# COMPETITIVE BODYBUILDING - POWERLIFTING - ATHLETICS & SPORTS > BOXING / FIGHTING / WRESTLING >  koschek basher!

## ironhead2000

Cant wait for gsp vs koschek! Koschek doesnt deserve atitle shot! Just when he was bout to get k.o'd by rumble johnson, he faked a poke in the eye which got him some rest time and changed the outcome of the fight! In his last fight he faked a knee to the head while he was down to get some rest time! The replay clearly showed the knee miss and then koschek flopped like he was hurt! Maybe this is the best thing that could of happend to him cause in this fight he wont have to fake. gsp going to send him packing down to light wieght! Cant believe dana white didnt fine or punish him for some cowardly bull like that!Maybe he sees it like i do and him fighting gsp is his punishment!

----------


## Phosphor

I watched the fight a few times. I try to like Koscheck, I really do. He is kind of an asshole, but you gotta respect the abilities - NOT to be mistaken for GSP abilities ofcourse. Johnson clearly had no answer with Koschecks ability - as the commentators put it, the cheap shot was the best one he delivered the whole 3 rounds. Johnson is an excellent fighter as well, but he did not have an answer that night for Koscheck.

While still pissed at Kos, I started watching the post fight interviews - watch the one where Rogan tries to explain it as Kos being Kos - he knew that Johnson knew he didn't connect that knee, but played it out to infuriate him. While I hate this and think it's some really lame shady shit - it is even lamer to have WWF antics like what johnson did after the bell. The bitch couldn't connect with anthing substantial for 15 minutes, so he sucker punches Kos. Dana did the right thing to make him an example - but he should have gone another step further and lightened Kos's purse and give him a strike rule - 3 and your out. They are training in a ring, not on an acting stage.

I think that Kos the wrestler will be out-wrestled by GSP hands down. Kos is not one-dimensional, but not nearly as honed and multi-faceted as GSP is. He is prolly going to have a pounding done on him.

----------


## yannick35

Kosh is an athlete there is no doubt there, i don't care about is attitude at all, i love to see him fight, i think is as improved so much over the last few years, i do hate it when he fakes like he did with the suppose knee to the face in is last UFC fight he looked really stupid there, against Paul Daly.

I am looking forward to see him fight GSP for the second time and am sure it will be a better and very different fight.
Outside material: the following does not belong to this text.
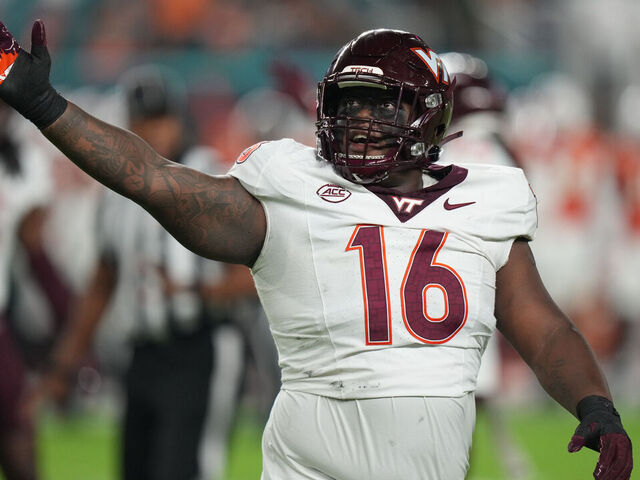 MIAMI GARDENS, FL - SEPTEMBER 27: Virginia Tech Hokies defensive lineman Aeneas Peebles (16) celebrates a Miami turnover during the game between the Virginia Tech Hokies and the Miami Hurricanes on Friday, September 27, 2204 at Hard Rock Stadium in Miami Gardens, Fla.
Many people might not like kosh but with is attitude everyone knows who he is now, he reminds me of Tito Ortiz who for a fighter with good talent still not the best but is almost a house hold name because of is cockiness and attitude.

----------


## Biohazard74

> Kosh is an athlete there is no doubt there, i don't care about is attitude at all, i love to see him fight, i think is as improved so much over the last few years, i do hate it when he fakes like he did with the suppose knee to the face in is last UFC fight he looked really stupid there, against Paul Daly.
> 
> I am looking forward to see him fight GSP for the second time and am sure it will be a better and very different fight.
> 
> Many people might not like kosh but with is attitude everyone knows who he is now, he reminds me of Tito Ortiz who for a fighter with good talent still not the best but is almost a house hold name because of is cockiness and attitude.


Fully with you on this.

----------


## Knockout_Power

I use to hate the mouth (TUF 1) cause there was nothing to back it up. 2 years later he was one hell of a well rounded fighter with a head like a rock and I gave him credit for taking the beating Alvez laid on him... the faking shit I could have done without, if I want to see someone faking it, I'll have sex with my girl (now ex)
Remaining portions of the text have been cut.